STEP 1/12
I wrapped a bag of muwi.
For those who don't know what it is, I think it'll be good
I'm sure you'll buy it. But you have to buy it knowing it's bitter.
STEP 2/12
You have to peel off the muwi like you're peeling a sweet potato cord.
My hands and nails get black after I take them off.
But it's still good
STEP 3/12
After peeling it off, this much skin came out.
STEP 4/12
Boil water in a coffee pot and pour it in
Add 1/2 spoonful of salt and stir.
If you stir it a few times, you're done blanching vegetables.
STEP 5/12
Now wash it in cold water.
And soak it in water to drain the bitter water.
People who like bitter things also make Baro.
Or there are people who soak it for 30 minutes and then eat it
STEP 6/12
It's still bitter for me. And I don't eat it because it's bitter for the kids.
I soaked it for half a day and kept changing the water.

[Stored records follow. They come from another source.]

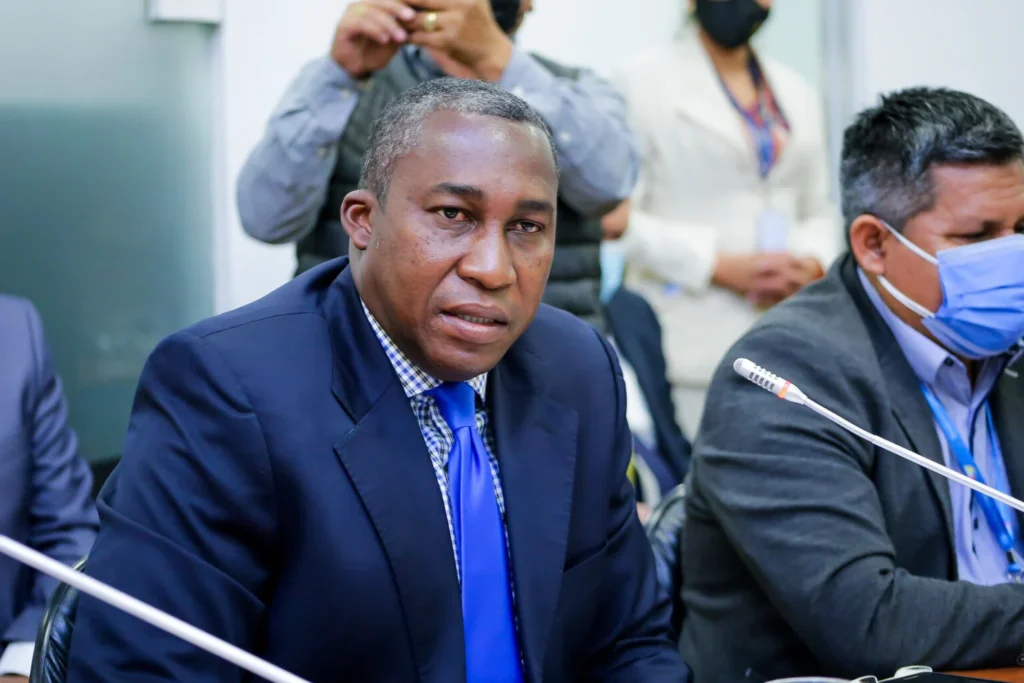 CAL suspende a los asambleístas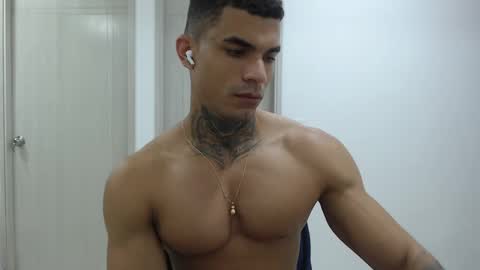 Snapshot of juan_gomez_1 chatting on January 9, 3:44 pm juan_gomez_1 online show from January 9, 3:44 pm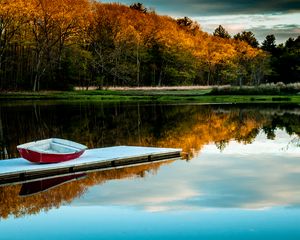 Preview wallpaper boat, pier, lake, trees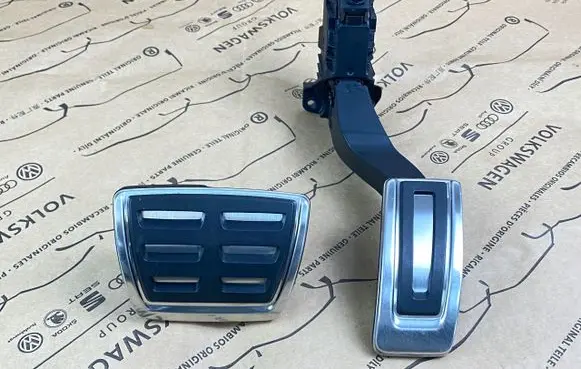Volkswagen Golf VII Accelerator throttle pedal 5Q1723503H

Can you see it. If there's black water like this
I changed the water and repeated it a few times.
STEP 7/12
Now look. You can see the water is clear.
STEP 8/12
Squeeze the water, please. To drain even a little bit of bitter water)
STEP 9/12
The seasoning is very simple.
Fish sauce, perilla seed powder, sesame oil, sesame seeds
Minced garlic, green onions, cooking oil
You just need to have it's.
STEP 10/12
Add 1 spoon of minced garlic and plenty of green onions
Add 2 spoons of fish sauce
STEP 11/12
Add 100ml of water and mix it well
Add to pan covered with cooking oil and stir-fry.
Stir-fry it for 2 to 3 minutes, then lower the heat and close the lid for 5 minutes.
STEP 12/12
If you open the lid and stir-fry it all, prepare it
Add perilla powder and finish with sesame and sesame oil
The spicy stir-fried wild vegetables with perilla seeds are done.
"Oh, this is how you stir-fry it." It's kind of bitter
It's savory and delicious. That's what he did.